From the Internet Movie Database (IMDB), “The Right Stuff” movie came out in 1983, and it hit the little screen in 1886. I enjoyed the movie because I remember following our space program from the 1950’s through the 1960’s. Our “Weekly Reader” in my 1950’s Elementary School days had the Sputnik story in it and we were shocked and perhaps a bit afraid that the Russians had beat us to the punch. The insight into the politics and technology and sheer guts exhibited by the pilots was enlightening, even if it was “Hollywood-ized”.
It is sad that Chuck has flown West but it is also fitting to take the time to acknowledge his legacy and that also of Man who in less than a century achieved powered flight and then walked on the moon that was made possible by men like Chuck who had the Right Stuff. As Mankind continues to stumble forward we rely on men with the Right Stuff to break the barriers that restrain us.
High FlightJohn Gillespie Magee, JrOh! I have slipped the surly bonds of earth,
And danced the skies on laughter-silvered wings;
Sunward I’ve climbed, and joined the tumbling mirth
Of sun-split clouds, –and done a hundred things
You have not dreamed of –Wheeled and soared and swung
High in the sunlit silence. Hov’ring there
I’ve chased the shouting wind along, and flung
My eager craft through footless halls of air…

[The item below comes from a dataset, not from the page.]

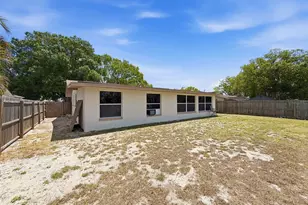 10115 Oleander Dr, Port Richey, FL 34668 - Photo 26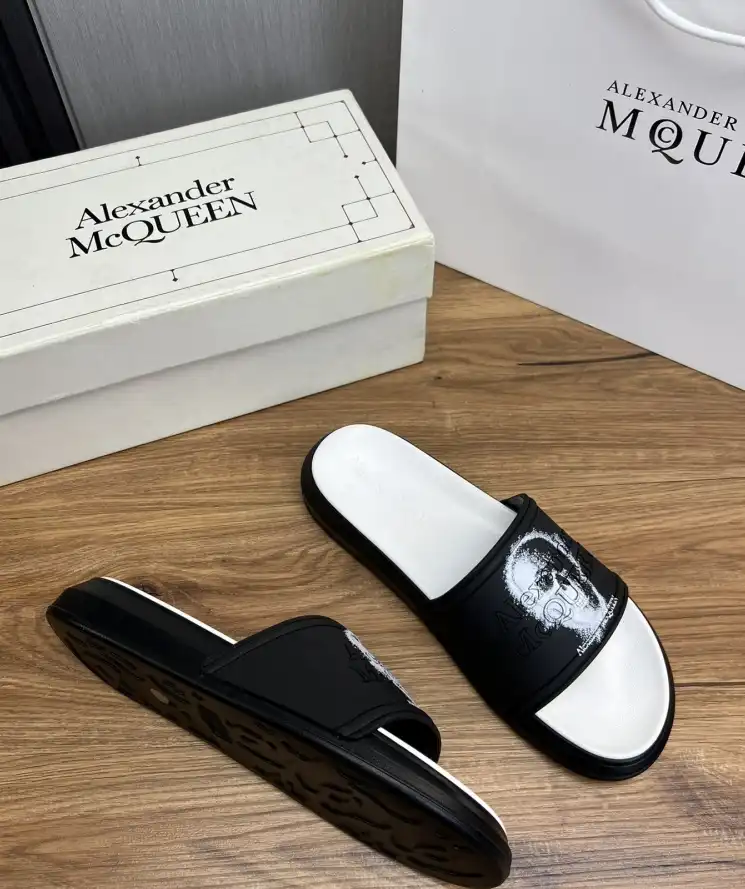 hype Alexander Mcqueen slippers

Up, up the long, delirious, burning blue
I’ve topped the wind-swept heights with easy grace
Where never lark or even eagle flew —
And, while with silent lifting mind I’ve trod
The high untrespassed sanctity of space,
Put out my hand, and touched the face of God.
Safe journey, Sir!
My father, whom has also gone west, was a fighter pilot and aerospace engineer for NASA. This was his favorite writing on the joys and spiritual experience that is flight. I remember after he had developed dementia, he had much trouble in constructing a simple sentence, but he would often recite to me in it’s entirety this poem…High Flight.